- 1Buying cheap stocks is risky because many are cheap for a reason (value traps)
- 2Piotroski developed a 9-point fundamental scoring system ("The F-Score") based purely on accounting data
- 3Filtering the cheapest 20% of the market for high F-Scores (8 or 9) boosted annual returns by a massive 7.5%
- 4The strategy successfully shifted the distribution of returns, halving the number of losers in the portfolio
#The Paper at a Glance
Title: Value Investing: The Use of Historical Financial Statement Information to Separate Winners from Losers Author: Joseph D. Piotroski (University of Chicago) Published: Journal of Accounting Research, 2000
In the year 2000, systematic value investing was widely understood: buy stocks with high book-to-market ratios. The problem with this approach, however, is that high book-to-market portfolios are heavily concentrated with financially distressed firms. Joseph Piotroski asked a simple question: Can we use basic, backward-looking accounting data to weed out the losers before they drag down the portfolio?
His solution, the Piotroski F-Score, became a cornerstone of fundamental quantitative analysis.
#The Value Trap Problem
Value investing inherently involves buying companies that the market has abandoned. While a portfolio of cheap stocks outperforms a portfolio of expensive stocks on average, the internal distribution of a value portfolio is highly skewed.
Historically, less than 44% of firms in the highest book-to-market quintile earn positive market-adjusted returns in the following year. A small number of massive winners pull up the average, while the majority of the portfolio slowly bleeds out or goes bankrupt. This is the definition of a value trap.
#The 9-Point F-Score Framework
Piotroski designed a binary 9-point scoring system using information found universally in corporate financial statements. A company scores 1 point for passing a test, and 0 points for failing it.
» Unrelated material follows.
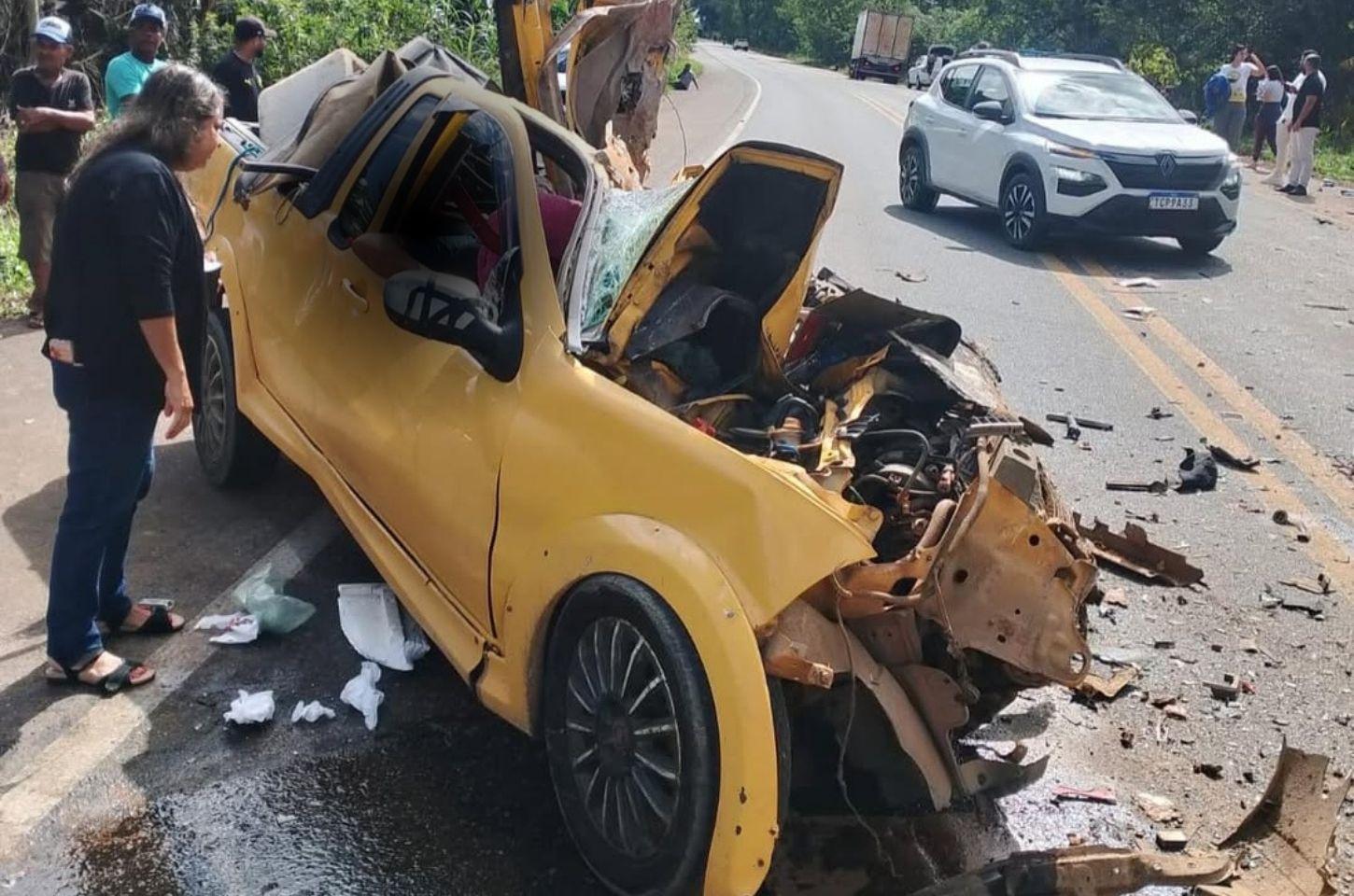 Colisão entre carro e micro-ônibus deixa quatro mortos no sul da Bahia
The tests evaluate three specific areas of a firm's financial health:
1. Profitability (4 points) - **Positive Return on Assets (ROA):** 1 point if net income is positive. - **Positive Operating Cash Flow (CFO):** 1 point if operating cash flow is positive. - **Rising ROA (ΔROA):** 1 point if the current year's ROA is higher than the previous year's ROA. - **Quality of Earnings (Accruals):** 1 point if operating cash flow strictly exceeds net income. This ensures profits aren't just accounting fiction.
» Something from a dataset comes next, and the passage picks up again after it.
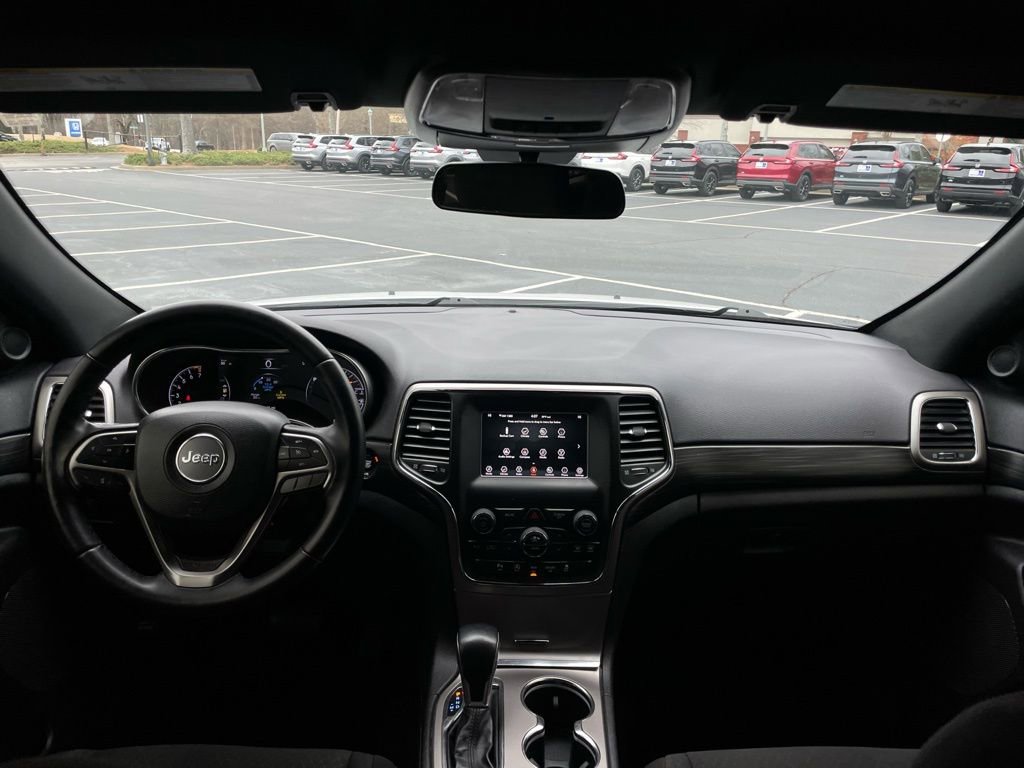 Used 2021 Jeep Grand Cherokee Laredo image 10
2. Leverage, Liquidity, and Source of Funds (3 points) - **Decreasing Leverage (ΔLeverage):** 1 point if the ratio of long-term debt to total assets decreased from the prior year. - **Increasing Liquidity (ΔCurrent Ratio):** 1 point if the current ratio (current assets / current liabilities) improved over the past year. - **No Dilution (Eq_Offer):** 1 point if the company did not issue new common equity in the last year. Distressed firms issuing equity usually signals desperation.
3. Operating Efficiency (2 points) - **Increasing Gross Margin (ΔMargin):** 1 point if gross margins expanded year-over-year. This signals pricing power or reduced factor costs. - **Increasing Asset Turnover (ΔTurnover):** 1 point if asset turnover (revenue / average total assets) improved. This signals greater productivity from the firm's asset base.
#The Empirical Results
Piotroski tested his F-Score on all high book-to-market (cheap) firms from 1976 to 1996. The results were startling.
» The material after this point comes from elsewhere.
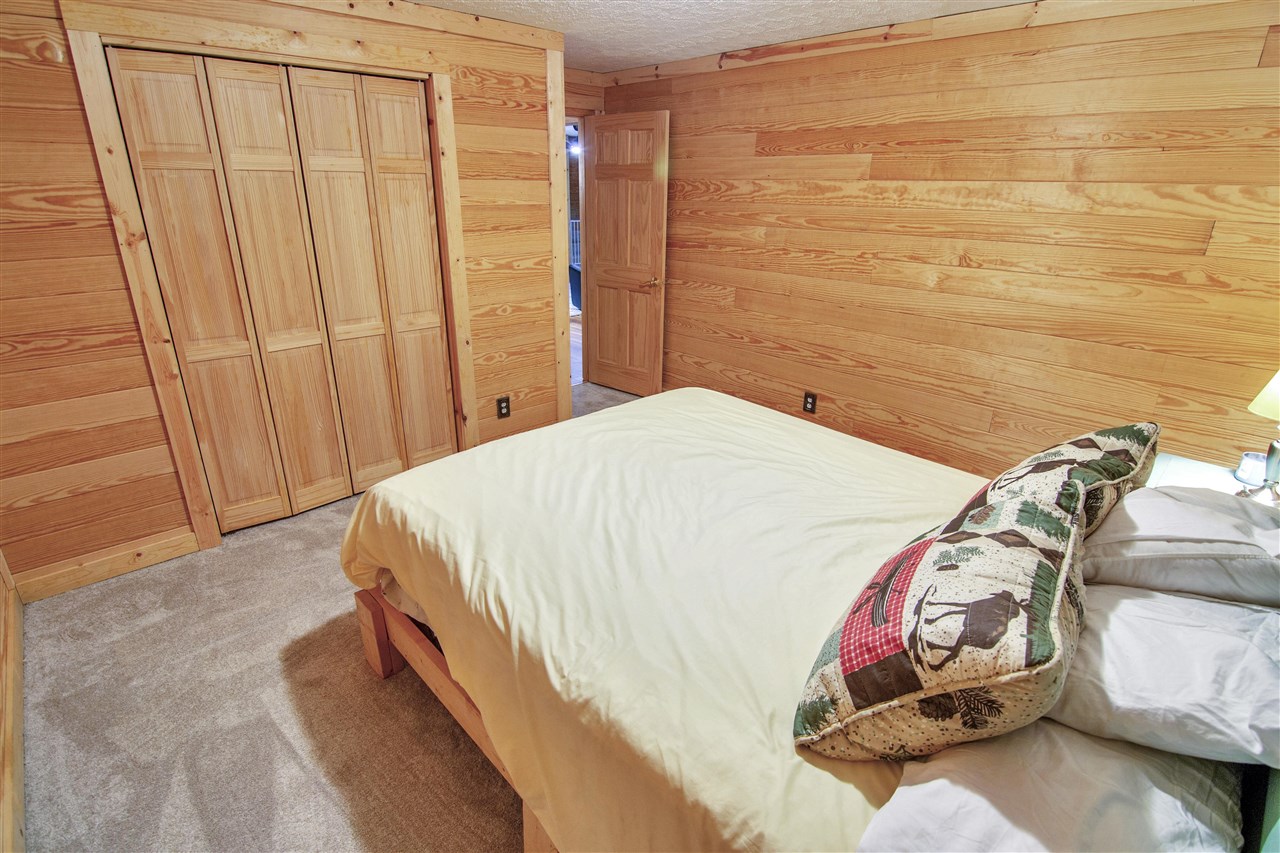 Lucas, Kentucky 42156, United States, 5 Bedrooms Bedrooms, ,3 BathroomsBathrooms,Residential,Active,132304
The Power of High Scores Firms that scored an 8 or 9 generated an average annual return that was 7.5% higher than the average return of the entire high book-to-market portfolio.
The Long/Short Spread By buying the high F-Score value stocks (scores 8-9) and shorting the low F-Score value stocks (scores 0-1), Piotroski's simulated strategy generated an astonishing 23% annual market-adjusted return between 1976 and 1996.
#Conclusion & Application
The greatest lesson from Piotroski is that "cheap" is not an investment thesis. Cheap combined with improving fundamental trajectory is an investment thesis.